On our recent vacation to Arkansas, we heard the Arkansans talk in several mountain towns with their thick mountain/country accent, and it was a reminder again of how just a few miles away…culture, life, and language can vary so much.  I know that when we travel to the northeast, people there immediately note that we’re from the south by the way we say “y’all” so frequently.  And when I encounter someone that’s British, I immediately smile because I love to hear their accent so much.  In fact, I grew tired recently of my American Siri voice, so I changed it to an Australian!

There was a young girl that took my order while in Arkansas and she proceeded to tell me about her high school, and how her brother was her best friend, where she was going to college, etc.  I got in the car and tried to share with my husband what she said, in her same voice, and we were both amused.  Then we laughed, because we too have so many phrases that we honestly have tried to change over the years, because we just don’t like them!  We’ve worked hard to stop saying “we’re fixing to leave” and exchange it for “we’re about to leave,” a much more proper way to express ourselves!

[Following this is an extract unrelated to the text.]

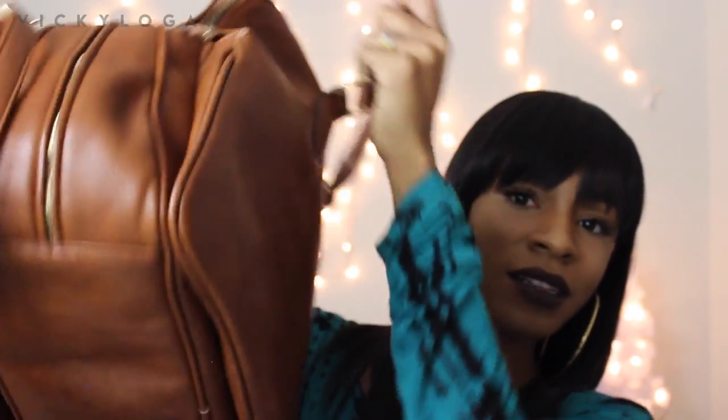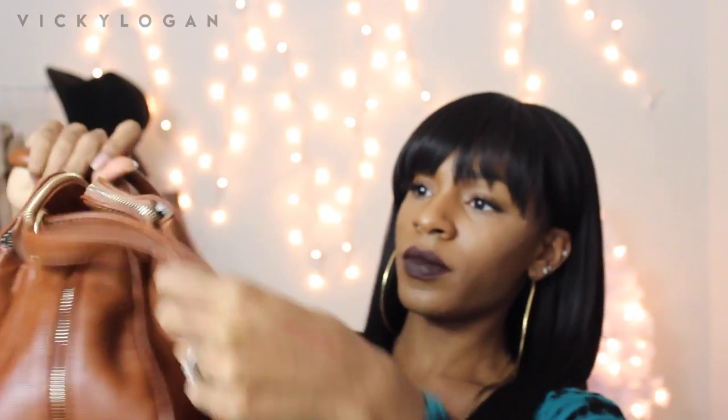This purse has gotten so many compliments. I carried it non-stop — I think the last time I carried it was earlier in the summer. It's one of my favorite airport bags because there are so many compartments, it expands, it's huge, and I love the strap because I can wear it on my shoulder. I don't know if they still make this purse, but I love it.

I kept thinking about the different accents that show up in just a few miles of separation, and how depending on where you live, those around you affect the way you speak.  It seems that wherever you spend the bulk of your childhood life, that’s the accent you pick up and keep for the rest of your life.  I’ve met folks that have lived in America for a couple of decades, but grew up in England as a child, and they still have a thick accent from their country. 

Everywhere we look right now on the media there is social unrest due to racism, depending on the color of our skin.  But what about the accents that we speak? Is there prejudice there, as well?

I realized that the answer is yes, even in my own heart.  I found the young girl that took my order to be amusing and even deemed her as a bit unlearned because of the lack of grammatical correctness when she spoke.  And I felt very ashamed about that.  How could I, being a Texan (where every other word is slang!) judge an Arkansan for anything she says?  And yet, I did.

That girl was going to college, and the way she spoke had nothing to do with her intelligence, although I attached the two together.  Skin color, economic status, and so many other differences among us are the things that divide us, mainly because we attach mental capacity or even social etiquette to others, simply because of their differences.  They look different, talk different, and live different than we do, and we stay away, judge, and even chuckle at times because those folks are so “beneath” us.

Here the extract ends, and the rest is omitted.